Tale tesi, infatti, dilata incontenibilmente il tentativo punibile, dal momento che la quasi totalità degli atti, anche quelli meramente iniziati e preparatori, se rapportati al piano criminoso dell’agente, finiscono per apparire praticamente sempre univoci.
Discostandosi dalle correnti interpretative sopra definite, quindi, occorre ritenere, al contrario, che gli atti idonei sono altresì diretti in modo non equivoco a commettere un delitto quando, per il grado di sviluppo raggiunto, lasciano prevedere come verosimile la realizzazione del delitto voluto. Univocità di direzione degli atti, quindi, significa attitudine degli stessi a fondare un giudizio probabilistico sulla realizzazione del delitto perfetto e sulla verosimile intenzione dell’agente a portare a termine il proposito criminoso.
Occorre chiedersi, tuttavia, in quali casi possa dirsi che gli atti idonei abbiano raggiunto un grado di sviluppo sufficiente a fondare siffatto giudizio di probabile realizzazione del delitto perfetto:
- il massimo grado di probabilità di successo del piano si ha nel tentativo compiuto, avendo il soggetto posto in essere l’intera condotta.
- un grado intermedio di probabilità si ha quando il soggetto ha soltanto iniziato l’azione tipica, ma nulla esisteva a quel momento che facesse verosimilmente pensare che il delitto non sarebbe stato portato a termine dall’agente.
- un grado minimo di probabilità, ma ancora sufficiente a configurare un tentativo punibile, può aversi anche quando il soggetto ha posto in essere soltanto atti pretipici, che cioè precedono l’inizio della condotta tipica.

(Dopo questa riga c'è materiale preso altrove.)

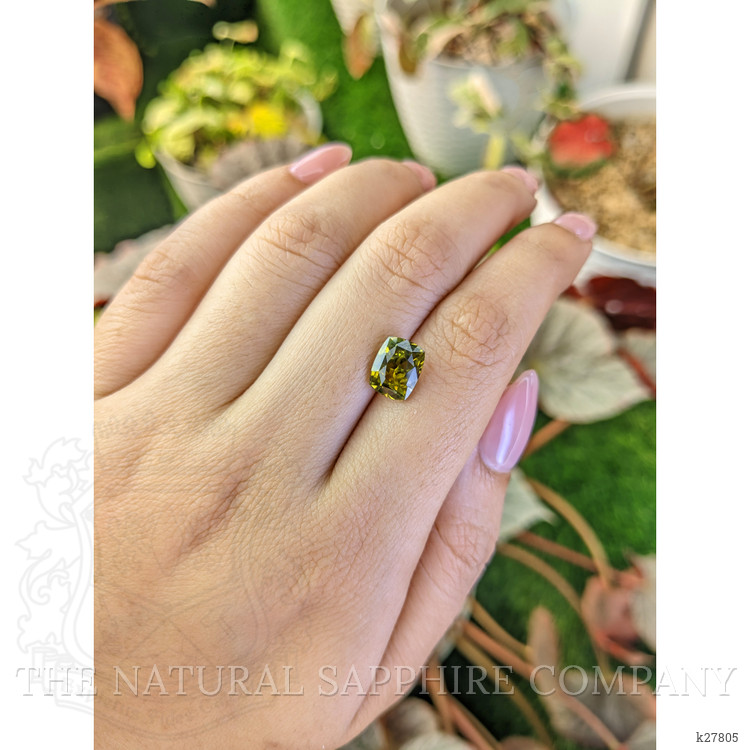 3.00 Ct. Yellowish Green Chrysoberyl from Ceylon (Sri Lanka)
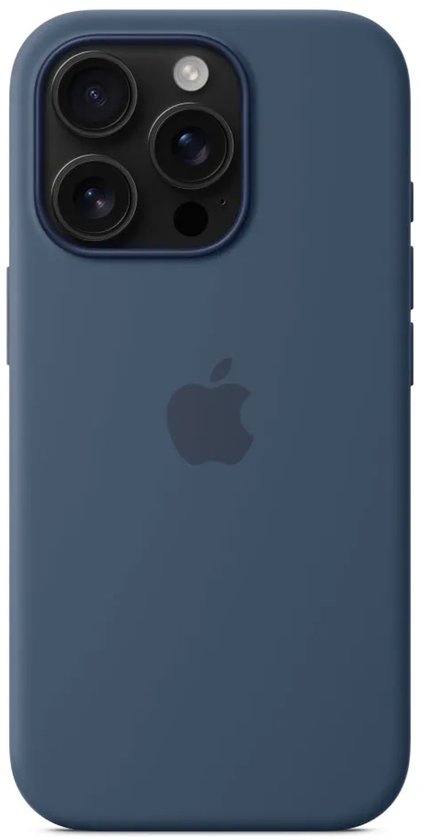 Apple iPhone 16 Pro hoesje - siliconen backcover - MagSafe - Denim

Nella logica di un diritto penale dell’offesa, per stabilire se trattasi di atti pretipici, ma pur sempre univoci, punto di riferimento pur sempre approssimativo resta il pericolo attuale di realizzazione del delitto, da accertarsi caso per caso in rapporto al concreto piano dell’agente. Il pericolo, in particolare, può considerarsi insorto e, quindi, gli atti sono univoci, nel momento in cui il soggetto, pur non avendo iniziato l’azione tipica:
- si accinge ad iniziarla, in base alla sua progettazione del fatto (es. portare al confine la merce da contrabbandare).
- si accinge ad accedere nello specifico luogo nell’imminente delitto (es. rapinatori che scendono dalla macchina innanzi alla banca).
- pone in essere l’agguato, che può costituire tentativo punibile se è teso nell’imminenza del verosimile passaggio accertato della vittima (es. furgone portavalori della banca)
- ha provveduto (o sta provvedendo) ad eliminare i mezzi di difesa o a superare gli ostacoli materiali, specie se nell’immediatezza o imminenza della commissione del delitto (es. ladro che scavalca il muro di cinta).